Exercise goal:
Write out each line below precisely, passing over the pictures.

____________________

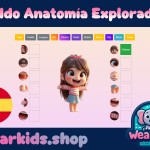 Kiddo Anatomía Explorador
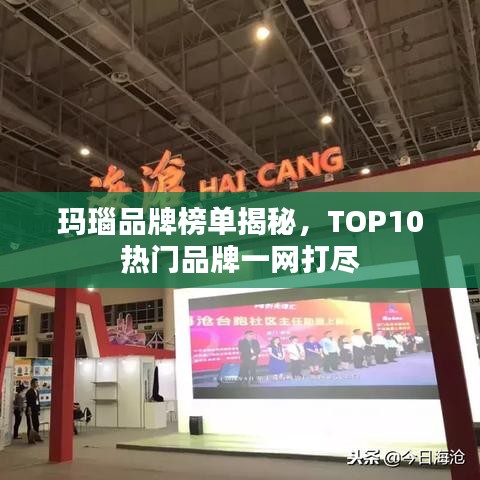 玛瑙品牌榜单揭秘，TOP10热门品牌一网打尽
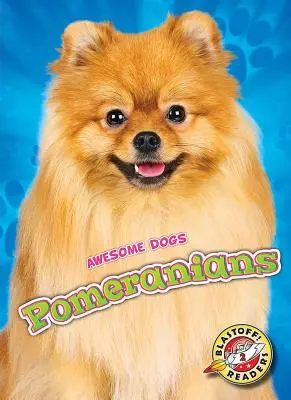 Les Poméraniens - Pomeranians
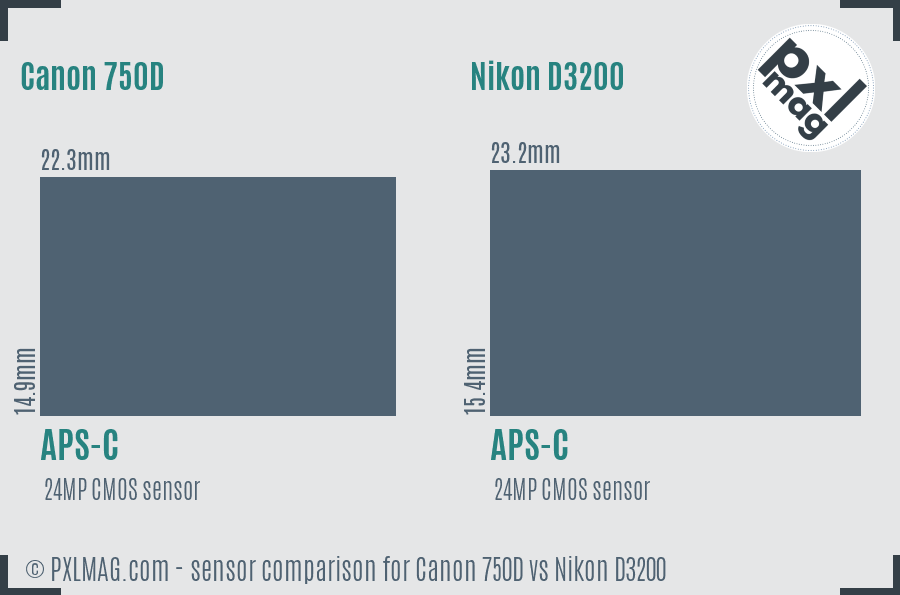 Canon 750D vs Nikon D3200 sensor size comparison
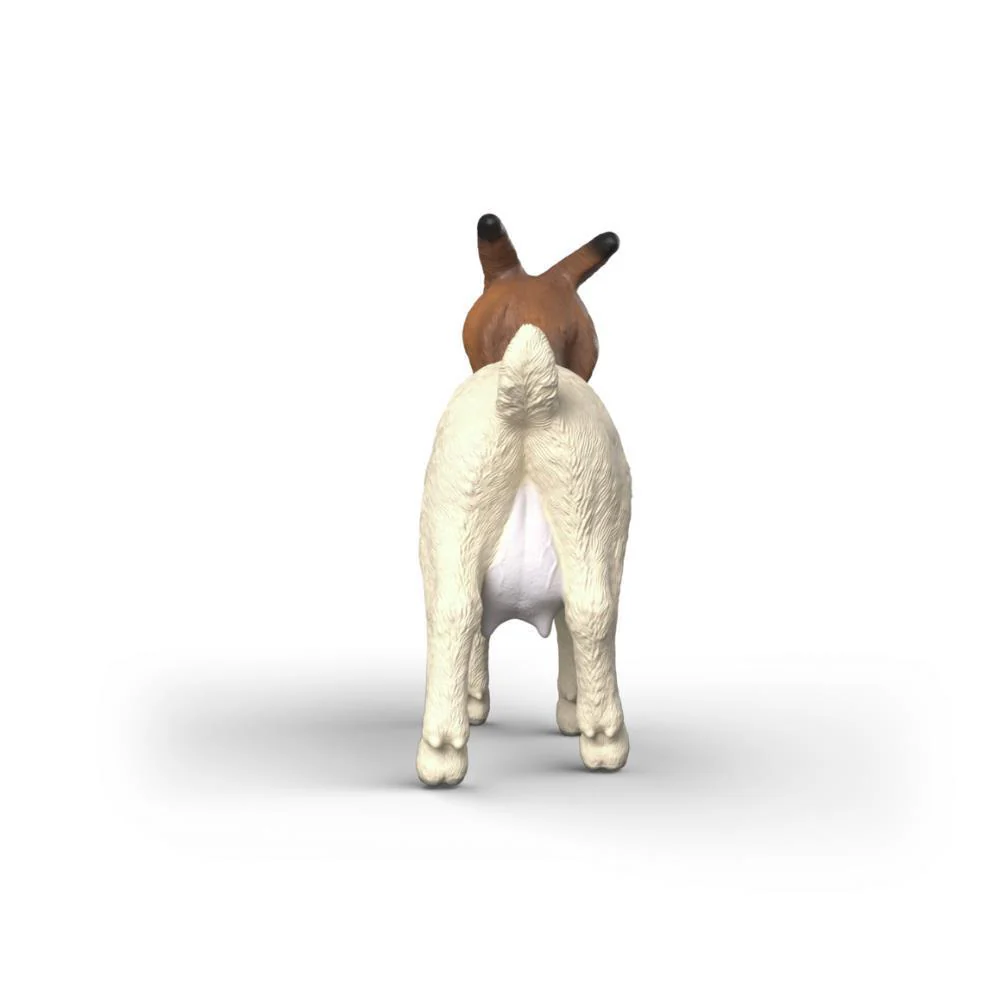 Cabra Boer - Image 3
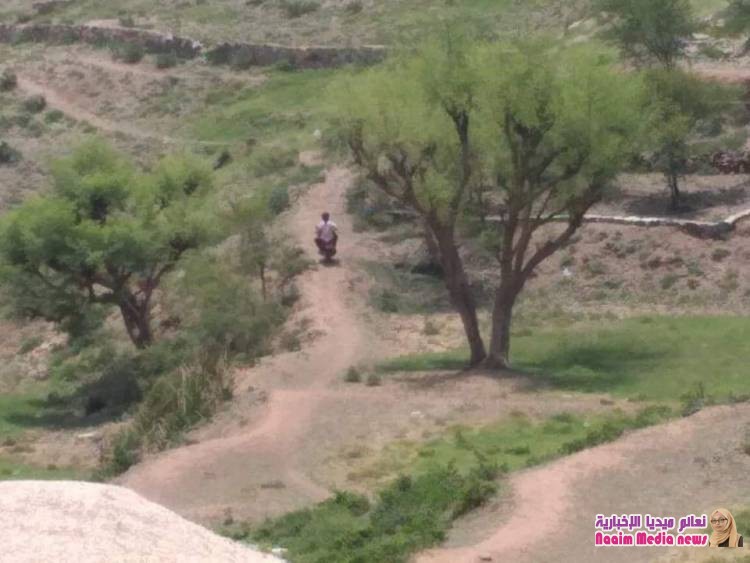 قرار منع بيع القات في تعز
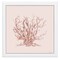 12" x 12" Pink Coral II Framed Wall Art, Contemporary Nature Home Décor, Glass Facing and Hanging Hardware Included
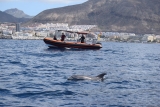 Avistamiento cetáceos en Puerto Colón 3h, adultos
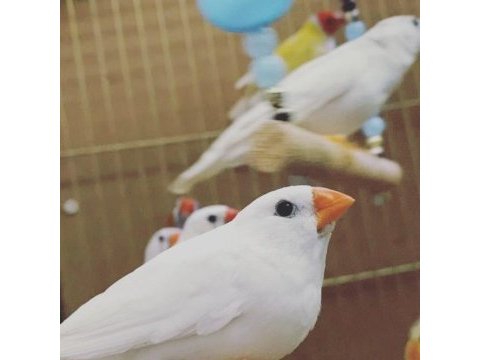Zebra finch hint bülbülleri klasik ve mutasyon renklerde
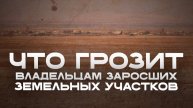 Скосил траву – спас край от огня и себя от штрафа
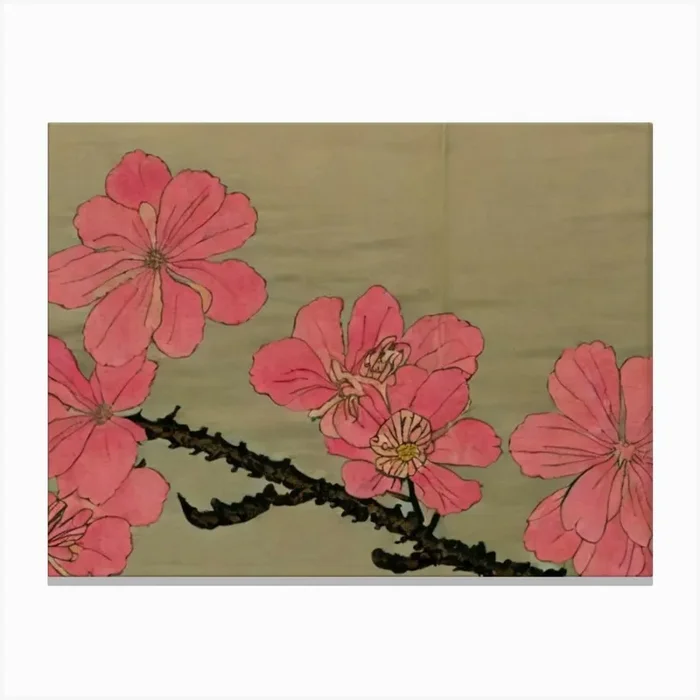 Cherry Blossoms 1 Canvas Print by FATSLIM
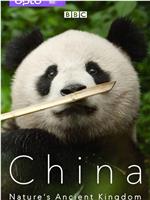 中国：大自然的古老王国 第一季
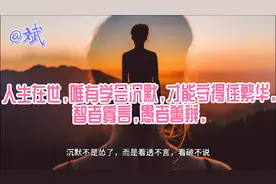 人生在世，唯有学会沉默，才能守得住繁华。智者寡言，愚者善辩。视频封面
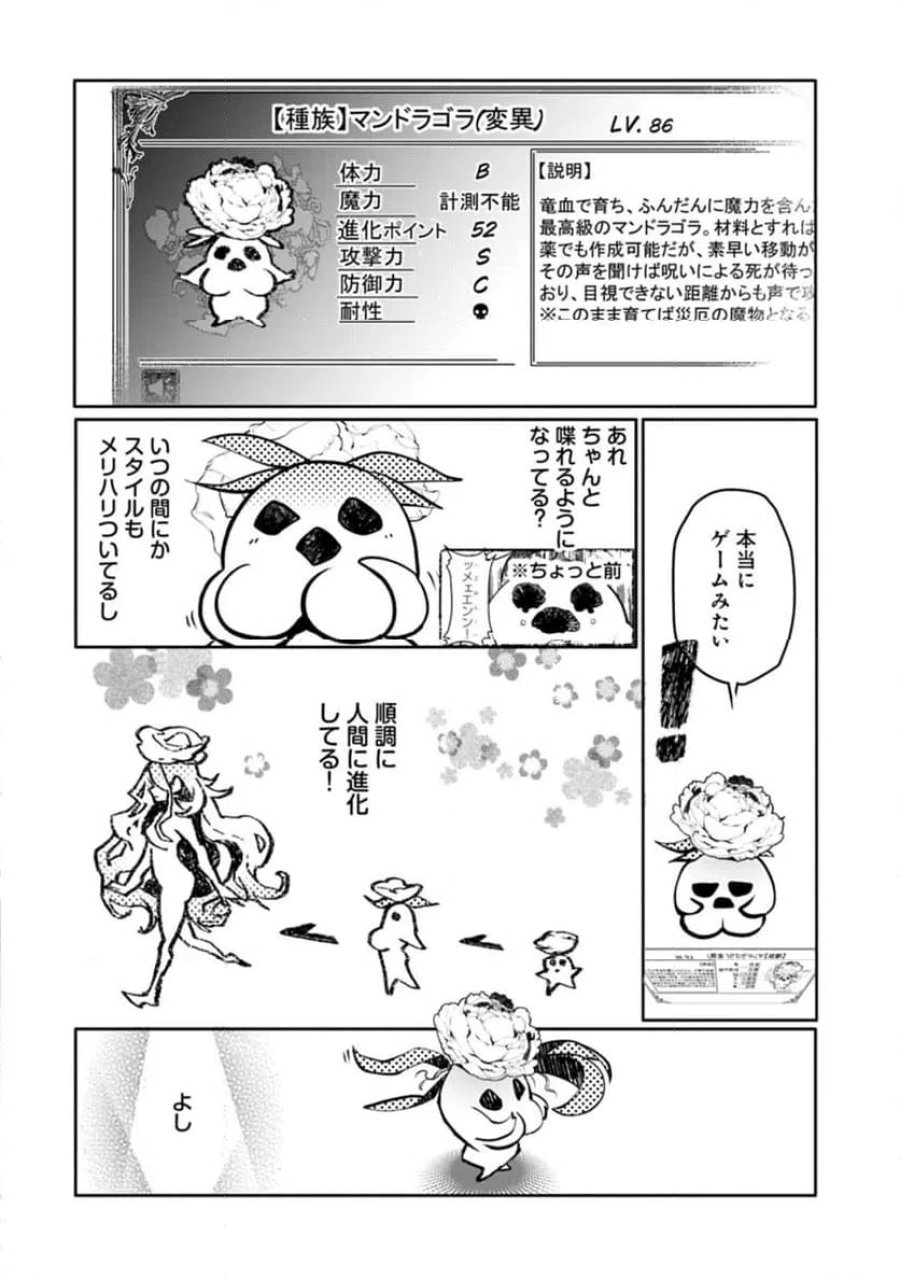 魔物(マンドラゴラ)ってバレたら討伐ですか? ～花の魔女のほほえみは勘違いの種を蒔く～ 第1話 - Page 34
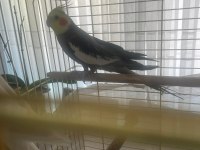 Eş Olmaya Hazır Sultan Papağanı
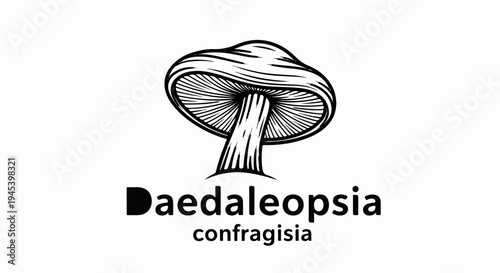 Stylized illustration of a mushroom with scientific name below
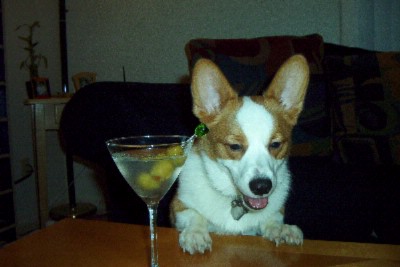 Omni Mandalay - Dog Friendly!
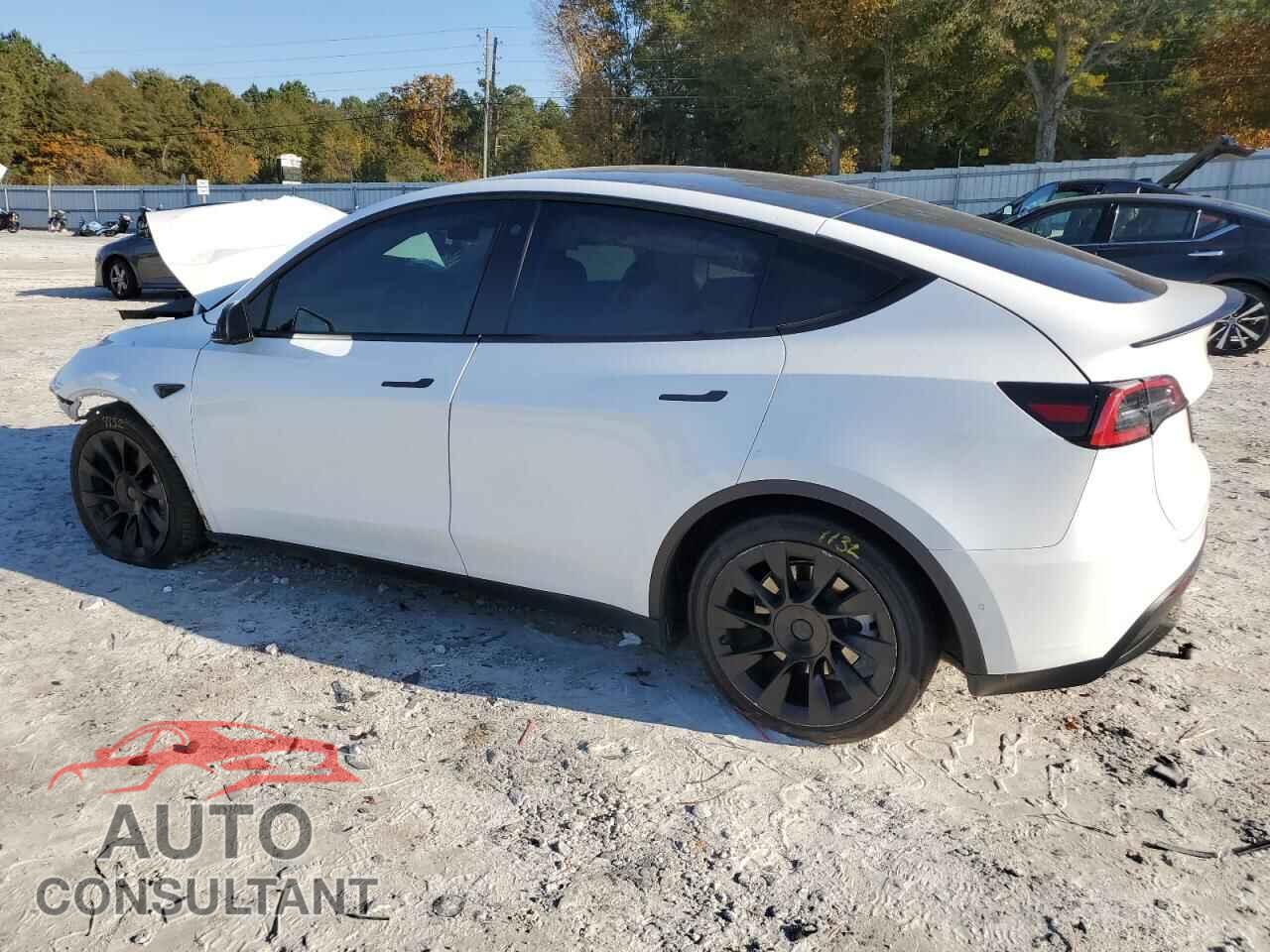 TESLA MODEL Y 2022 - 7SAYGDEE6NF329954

____________________

Result of this task:
 Kiddo Anatomía Explorador
 玛瑙品牌榜单揭秘，TOP10热门品牌一网打尽
 Les Poméraniens - Pomeranians
 Canon 750D vs Nikon D3200 sensor size comparison
 Cabra Boer - Image 3
 قرار منع بيع القات في تعز
 12" x 12" Pink Coral II Framed Wall Art, Contemporary Nature Home Décor, Glass Facing and Hanging Hardware Included
 Avistamiento cetáceos en Puerto Colón 3h, adultos
Zebra finch hint bülbülleri klasik ve mutasyon renklerde
 Скосил траву – спас край от огня и себя от штрафа
 Cherry Blossoms 1 Canvas Print by FATSLIM
 中国：大自然的古老王国 第一季
 人生在世，唯有学会沉默，才能守得住繁华。智者寡言，愚者善辩。视频封面
 魔物(マンドラゴラ)ってバレたら討伐ですか? ～花の魔女のほほえみは勘違いの種を蒔く～ 第1話 - Page 34
 Eş Olmaya Hazır Sultan Papağanı
 Stylized illustration of a mushroom with scientific name below
 Omni Mandalay - Dog Friendly!
 TESLA MODEL Y 2022 - 7SAYGDEE6NF329954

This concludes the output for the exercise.